» Aim of the task:
Once the line with "Shop リーバイスならラクマ Levi" has been located in the records below, set down that line and all subsequent lines exactly, omitting the pictures.

Scraped caption text data:
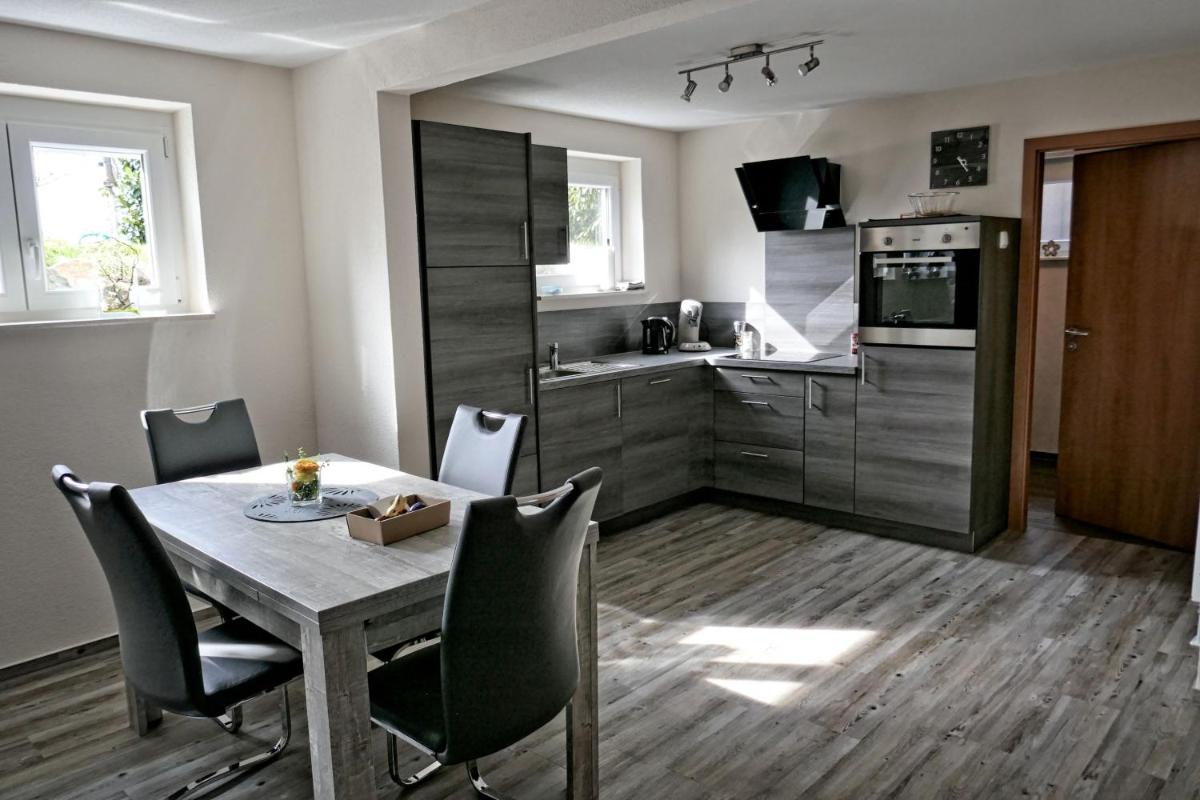 Ferienwohnung Westend - Housity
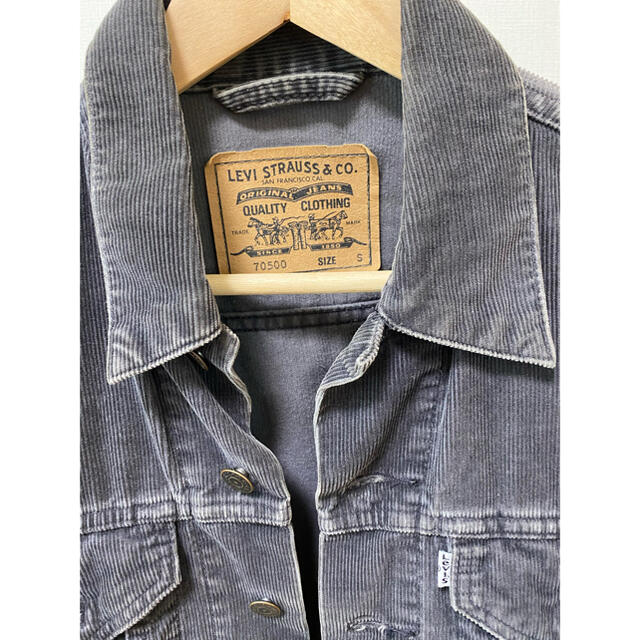 Levi S Levi S リーバイス コーデュロイ ジャケットの通販 By Coco S Shop リーバイスならラクマ Levi S Levi S リーバイス コーデュロイ ジャケットの通販 By Coco S Shop リーバイスならラクマ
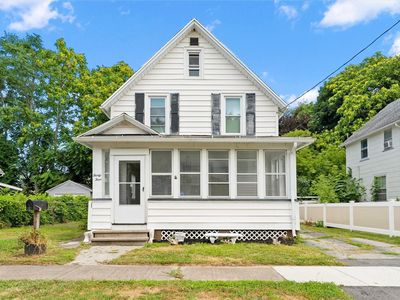 34 Dugan Pl, Rochester, NY, 14612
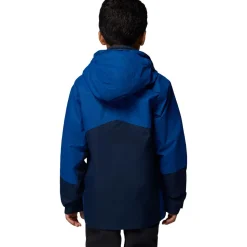 Bugaboo III Fleece Interchange Jacket - Boys'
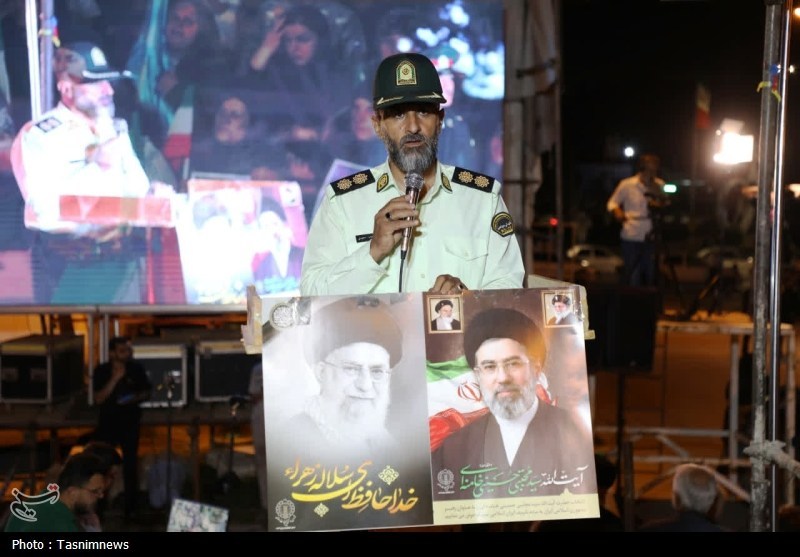 اخبار یاسوج , شهید امام خامنه ای (ره) ,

» Solution to this task:
 Levi S Levi S リーバイス コーデュロイ ジャケットの通販 By Coco S Shop リーバイスならラクマ Levi S Levi S リーバイス コーデュロイ ジャケットの通販 By Coco S Shop リーバイスならラクマ
 34 Dugan Pl, Rochester, NY, 14612
 Bugaboo III Fleece Interchange Jacket - Boys'
 اخبار یاسوج , شهید امام خامنه ای (ره) ,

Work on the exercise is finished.